İndigo çocuklar, mesafeli, kendileri kadar zeki, bilge olmayan çocuklarla arkadaşlık edemeyen, fazla mantıklı, ilginç tiplermiş
Geçen gün bir resim sergisini gezerken kollarımı düşünmeden arkamda kavuşturduğumda, çocukluğumu hatırladım. Bir müze, bir sergi gezerken çocukların en tipik hareketidir cama, eşyalara, resimlere dokunmak. Çocukken herhangi bir şeyi algılamak için illa dokunman lazımdır nedense. Babamın bana defalarca "Dokunmadan bak, ellerini böyle arkana koy, öyle gez," dediğini hatırlıyorum. Ve yıllar sonra bir resim sergisinde, hâlâ, terbiyem gereği, otomatik bir hareketle kollarım arkaya gidiyor! Ki bizim zamanımızda, çocuk terbiyesi nispeten kolaydı. Çocuğun gıdasını iyi alması, eğer doyduysa 'makarnasını bırakıp etini yemesi', yazları çayırda çimende koşturulması, terlediyse arkasına mendil koyulması, hastalanırsa okula yollanmaması yeterliydi! İyice ilgili anneler, okul kermesine örgü dantel de yaparlardı, o kadar! Babamın 'müze böyle gezilir' eğitimi, belki o günler için fuzuli bir çabaydı. Büyüklerin ellerinden öpmesi, fazla konuşmaması, yemeğini döküp saçmadan yemesi öğretildiyse çocuğa, çocuk terbiyesi konusunda zirveye varılmıştı artık! Oysa geçen gün bir yemekte, bir anne anlatıyordu: "Bizimkisini anlamak için birçok kitap okuyorum. Psikoloğuyla da paslaşıyoruz.
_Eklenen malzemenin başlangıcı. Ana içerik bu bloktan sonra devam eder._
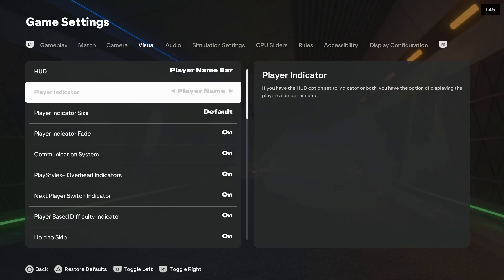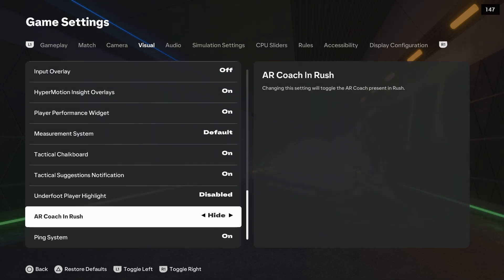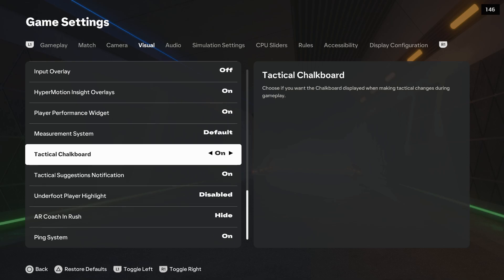Use R1 to go to Visual and keep scrolling until you find the option — it's right here. You can simply turn it on and off using your left analog stick or arrows.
Bizimkisi indigo çocuk!" Kim?! Önce acaba bir rahatsızlık mı dedim, değilmiş. Bilakis, indigo çocuklar, mesafeli, kendileri kadar zeki ve bilge olmayan çocuklarla arkadaşlık edemeyen, 'agucu'ya sinirlenen, fazla mantıklı, büyükler gibi davranan, iri iri laflar eden, istediği yapılmadığında orayı burayı kıran, kendi saçını çeken, kafasını duvara vuran, ilginç tiplermiş.
BİLGELİK İFADESİ "Bizim zamanımızda onlara 'büyümüş de küçülmüş' veya 'şımarık' adı verilirdi, demek şimdi indigo diyorlar," şeklinde konuşacaktım ki, işin detaylarını öğrenip sustum! İndigo çocuklar, o kadar olgun, bilmiş ve yaşlarına göre fazla mantıklı oluyorlarmış ki, uzmanlar bunların gönderilmiş varlıklar mı, yoksa zamane çocukları mı olduğunu araştırmış! Neyse ki uzaylı değillermiş! Eğer indigo çocuğunuz varsa bu sizi rahatlatır! Ancak günümüzde televizyon, iletişim araçları ve bilgisayar yüzünden çocuklar o kadar fazla uyaranla karşılaşıyorlarmış ki, beynin gelişimi hızlı oluyormuş. İndigo çocuklar beyinlerinin her iki lobunu da mükemmel kullanıyorlarmış. Gözlerinde bir bilgelik ifadesi oluyormuş. O zaman da zeki ve meraklı olanların karakteri çabuk olgunlaşıyor, "Agucu bugucu, anneni mi daha çok seviyorsun babanı mı bakayım?" sorusuna "Böyle bir ayırım yapmam mümkün değil, ikisi de ebeveynim, ama hangisiyle daha yakın ilişkiler içinde olacağımı daha ileriki yaşlarımda göreceğim," gibi insanı taş eden cevaplar alınıyormuş.
KISKANDIM, GICIK OLDUM ONLARA! Uzmanlar, indigo çocukların yeni dünya düzenini kuracaklarını söylüyorlar. Bu çocukları el üstünde tutmak, psikologlar eşliğinde büyütmek, bir dediğini iki etmemek, eğitimi, beslenmesi, tatil aktiviteleriyle özel olarak ilgilenmek gerekiyormuş. 70'li yıllarda doğanlar adına, kıskandığımı, ve indigo çocuklara gıcık olduğumu söylemek isterim! Bizim neyimiz eksikti?! Ha söyleyeyim neyimiz eksikti. Biz çocukken bir tane siyah beyaz TRT vardı, o da akşam sekizde başlardı. Bilgisayar bizim ergenliğe yetişti, onda da oyun oynardık zaten. Filmler Amerika'dan bir yıl sonra gelirdi sinemalara. Öyle istediğin kitabı getirtebileceğin Amazon falan sözkonusu değildi elbette de, ilkokullarda da İngilizce, dans, tiyatro, golf dersleri falan yoktu. Beden eğitim dersi, hep birlikte bahçeye çıkıp koşup koşup "Hurra!" diye birbirine saldırarak kavga etmek anlamına geliyordu! Yoksa belki biz de indigoyduk ama, kimse takmıyordu!
HER JENERASYON ÖNCEKİNDEN ÜSTÜN 'Örtmen' sınıf arkadaşlarımın kafalarına o kadar vurmasa, belki onlar da beyinlerinin her iki lobunu kullanacaklardı! Zira istedikleri yapılmadığında kafasını duvara vuran çocuklara, o yıllarda, bir tane de anneleri çakardı! Onlar da bir daha kafalarını duvara vurmaz, uslu uslu otururlardı! Ayrıca sınıf arkadaşlarımın çoğu biraz daha protein ağırlıklı beslenseydi, onların gözlerinde de bir bilgelik ifadesi olabilirdi! Ne yazık ki 70'li, 80'li yıllardı ve bu ülkenin vaziyeti çok parlak değildi. Her jenerasyon bir öncekinden daha üstündür. Bu bir kuraldır. Çünkü, dünyanın bazı bölgeleri haricinde, medeniyet asla geri gitmez. Umarım burası hiç o bölgelerden olmaz!